What the task requires - Please restate word for word each line from the one containing "this 400×600 image." to the last line of the records below, and drop the pictures.

Available records -
--------------------------------

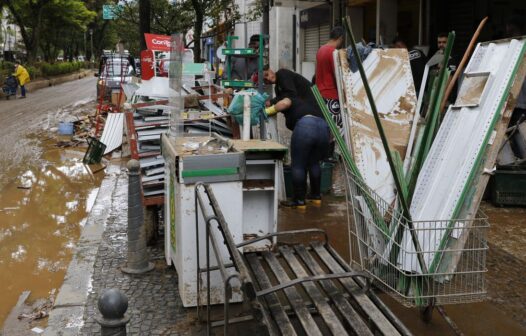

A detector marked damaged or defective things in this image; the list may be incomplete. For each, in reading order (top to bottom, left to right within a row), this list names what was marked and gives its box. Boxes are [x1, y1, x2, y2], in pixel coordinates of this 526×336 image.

damaged furniture [195, 184, 412, 336]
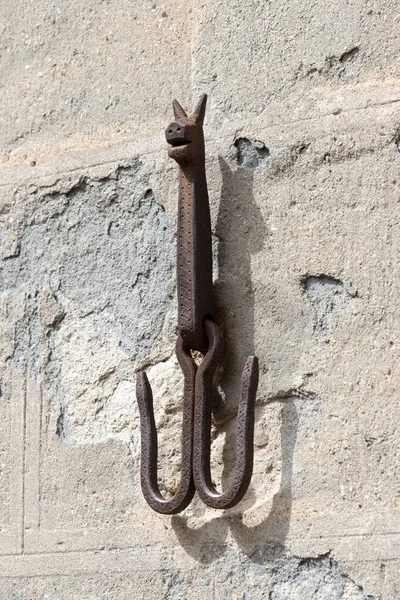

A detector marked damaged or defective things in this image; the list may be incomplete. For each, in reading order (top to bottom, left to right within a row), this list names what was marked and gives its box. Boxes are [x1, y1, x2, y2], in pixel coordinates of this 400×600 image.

rusted metal surface [134, 96, 260, 512]
rusty iron bracket [135, 96, 260, 512]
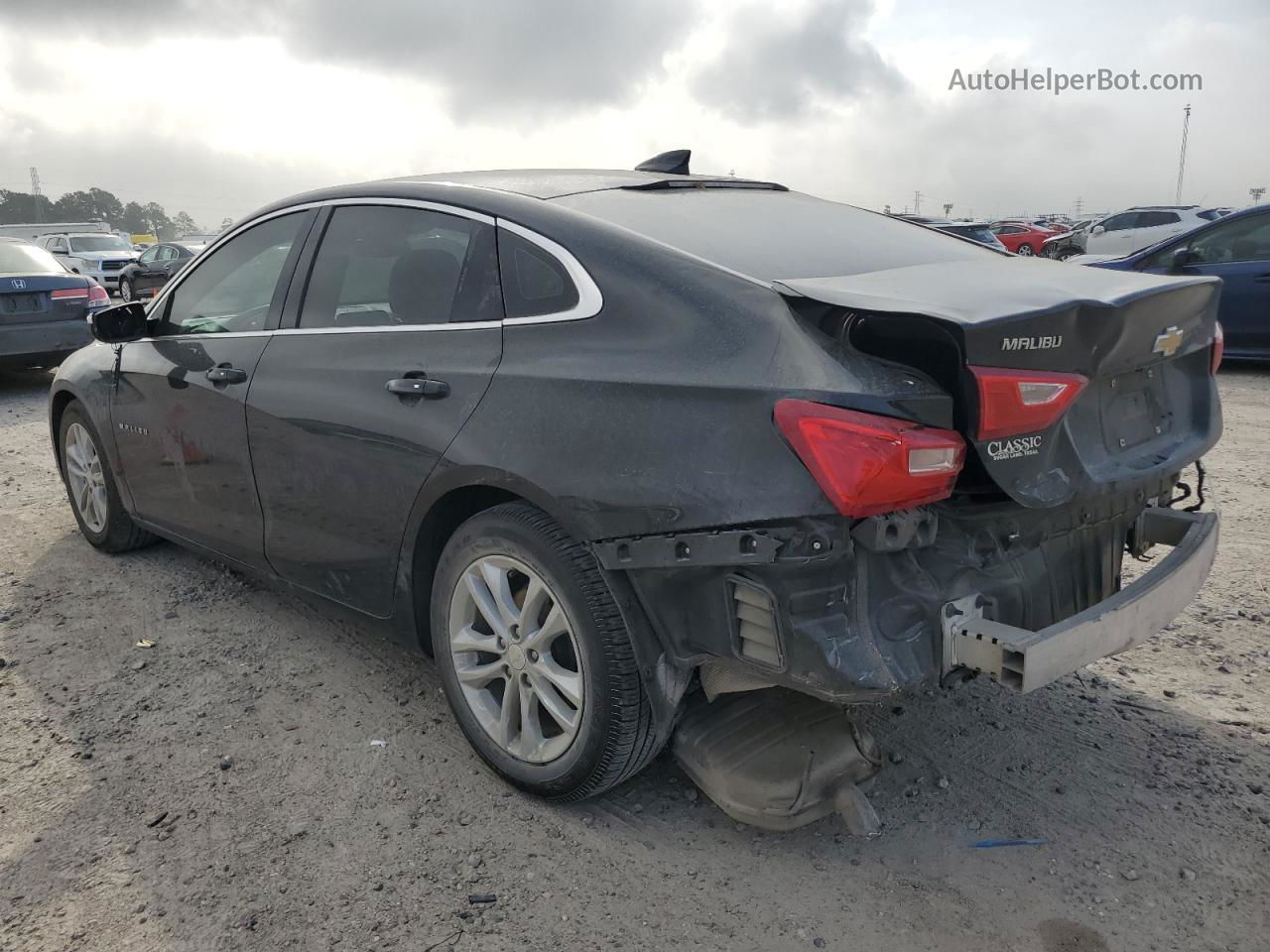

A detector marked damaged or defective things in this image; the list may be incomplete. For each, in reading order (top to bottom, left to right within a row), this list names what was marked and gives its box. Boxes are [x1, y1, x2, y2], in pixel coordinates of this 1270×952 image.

exposed rear bumper structure [945, 510, 1218, 695]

--------------------------------

The completed task -
A detector marked damaged or defective things in this image; the list may be incomplete. For each, in reading order (top to bottom, left to right within a row), this list names what was marked and gives its box. Boxes are [x1, y1, x2, y2], in pixel coordinates of this 400×600 image.

rusted metal surface [134, 96, 260, 512]
rusty iron bracket [135, 96, 260, 512]

A detector marked damaged or defective things in this image; the list may be incomplete. For each, in reading order (top to bottom, left to right within a row), this list names what was marked and gives its box. Boxes are [x1, y1, x2, y2], in pixel coordinates of this 1270×952 image.

exposed rear bumper structure [945, 510, 1218, 695]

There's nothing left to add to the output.